To assure data security, a highly automated process is suggested. The recovery process sorts and aligns hard drives on a conveyor. A coordinate measuring machine is employed to position the drives for correct robotic disassembly. After recovering different parts such as the magnets, permalloy brackets, circuit boards, and those components made of aluminum and steel, the data storage media is automatically destroyed to ensure security.

The recovered magnets can be directly utilized by hard drive manufacturers or they can be resized and reshaped to be used in other products. It is claimed that the process can be extended to recover rare earth elements from other consumer goods such as electric motors, air conditioning systems, and more. The cost of the recovered magnets can be significantly less than that of the magnets produced by standard mining because many processing stages are eliminated and the recovered magnets are ready to be used.

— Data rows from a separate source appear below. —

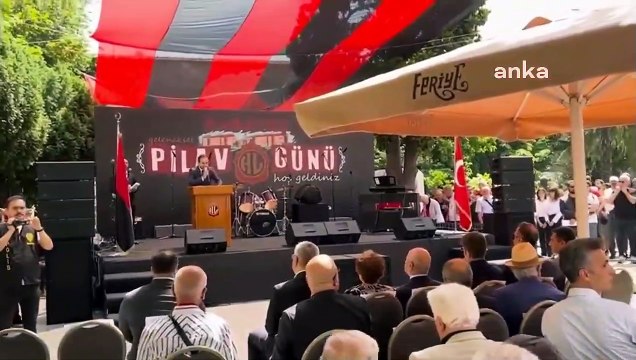 Kabataş Erkek Lisesi Pilav Günü'nde müdür ve vakıf başkanı protesto edildi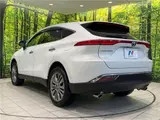 2025 Toyota Harrier Hybrid Z Leather Package Pearl SUV for sale, Japanese used car export - photo 20 of 30 | GULJI TRADERS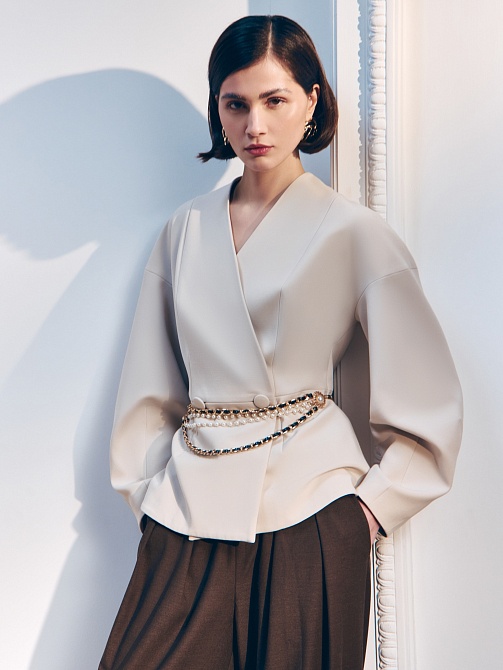 Приталенный жакет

The Membrane Solvent Extraction Method

Dallas-based Momentum Technologies, which is focused on the extraction of rare earth elements and other materials from hard drives, holds an exclusive licensing agreement with the Department of Energy's Critical Materials Institute to commercialize their Membrane Solvent Extraction (MSX) and High Throughput Collection Technologies.

MSX technology, which is as good as or exceeding conventional solvent extraction, is capable of recovering rare earth elements such as neodymium, europium, yttrium, terbium, and dysprosium in a single step. Solvent extraction is a general method to partially remove a substance from a solution by dissolving it in another, immiscible solvent (in which the target substance is more soluble). Compared with conventional methods, MSX requires lower energy and provides greater efficiency and process stability.

Preston Bryant, Momentum's CEO, hopes that the company will create a sustainable business model and provide a solution to the most complicated problems in the rare earth elements supply chain.